UNITED STATES
SECURITIES AND EXCHANGE COMMISSION
Washington, DC 20549
FORM 8-K
CURRENT REPORT
Pursuant to Section 13 or 15(d) of the
Securities Exchange Act of 1934
Date of Report: November 3, 2011
(Date of earliest event reported)
TENET HEALTHCARE CORPORATION
(Exact name of Registrant as specified in its charter)
Nevada | 1-7293 | 95-2557091 | ||
(State of Incorporation) | (Commission File Number) | (IRS Employer Identification Number) |
1445 Ross Avenue, Suite 1400
Dallas, Texas 75202
(Address of principal executive offices, including zip code)
(469) 893-2200
(Registrant’s telephone number, including area code)
Check the appropriate box below if the Form 8-K filing is intended to simultaneously satisfy the filing obligation of the Registrant under any of the following provisions:
¨ | Written communications pursuant to Rule 425 under the Securities Act (17 CFR 230.425) |
¨ | Soliciting material pursuant to Rule 14a-12 under the Exchange Act (17 CFR 240.14a-12) |
¨ | Pre-commencement communications pursuant to Rule 14d-2(b) under the Exchange Act (17 CFR 240.14d-2(b)) |
¨ | Pre-commencement communications pursuant to Rule 13e-4(c) under the Exchange Act (17 CFR 240.13e-4(c)) |
Item 5.07 Submission of Matters to a Vote of Security Holders.

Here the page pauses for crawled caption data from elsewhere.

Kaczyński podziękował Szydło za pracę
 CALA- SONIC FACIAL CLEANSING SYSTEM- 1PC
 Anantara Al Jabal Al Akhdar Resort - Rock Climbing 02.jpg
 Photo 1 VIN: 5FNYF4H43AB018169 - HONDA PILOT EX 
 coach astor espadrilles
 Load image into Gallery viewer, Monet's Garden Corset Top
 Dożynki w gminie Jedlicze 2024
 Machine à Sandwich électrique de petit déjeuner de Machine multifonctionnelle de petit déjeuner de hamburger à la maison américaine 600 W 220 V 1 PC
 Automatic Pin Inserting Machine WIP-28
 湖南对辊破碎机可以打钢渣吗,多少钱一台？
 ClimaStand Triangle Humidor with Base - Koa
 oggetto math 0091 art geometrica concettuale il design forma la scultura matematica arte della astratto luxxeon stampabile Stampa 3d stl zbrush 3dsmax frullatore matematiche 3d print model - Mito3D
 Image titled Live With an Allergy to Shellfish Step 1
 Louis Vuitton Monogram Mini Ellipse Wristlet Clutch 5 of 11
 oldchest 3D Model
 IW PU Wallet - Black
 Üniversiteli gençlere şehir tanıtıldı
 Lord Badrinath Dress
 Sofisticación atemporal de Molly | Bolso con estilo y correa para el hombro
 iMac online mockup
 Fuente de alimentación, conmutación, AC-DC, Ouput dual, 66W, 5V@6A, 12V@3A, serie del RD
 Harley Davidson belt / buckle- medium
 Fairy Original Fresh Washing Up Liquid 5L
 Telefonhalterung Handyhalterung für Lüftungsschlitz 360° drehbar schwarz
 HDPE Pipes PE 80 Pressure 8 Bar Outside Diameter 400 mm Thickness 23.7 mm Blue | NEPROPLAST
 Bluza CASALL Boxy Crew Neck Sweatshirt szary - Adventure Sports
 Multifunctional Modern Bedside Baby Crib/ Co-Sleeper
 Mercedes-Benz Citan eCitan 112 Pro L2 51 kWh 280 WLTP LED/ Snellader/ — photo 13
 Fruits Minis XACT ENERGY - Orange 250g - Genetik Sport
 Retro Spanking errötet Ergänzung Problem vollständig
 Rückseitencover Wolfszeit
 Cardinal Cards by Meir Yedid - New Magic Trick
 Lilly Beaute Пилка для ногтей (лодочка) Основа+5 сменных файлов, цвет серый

(a) The 2011 annual meeting of shareholders of Tenet Healthcare Corporation was held on November 3, 2011.
(b) The shareholders (1) elected all of the board’s nominees for director, (2) approved an advisory resolution on the compensation paid to the company’s named executive officers, (3) indicated their preference that future advisory votes on executive compensation be held annually, and (4) ratified the selection of Deloitte & Touche LLP as the company’s independent registered public accountants for the year ending December 31, 2011.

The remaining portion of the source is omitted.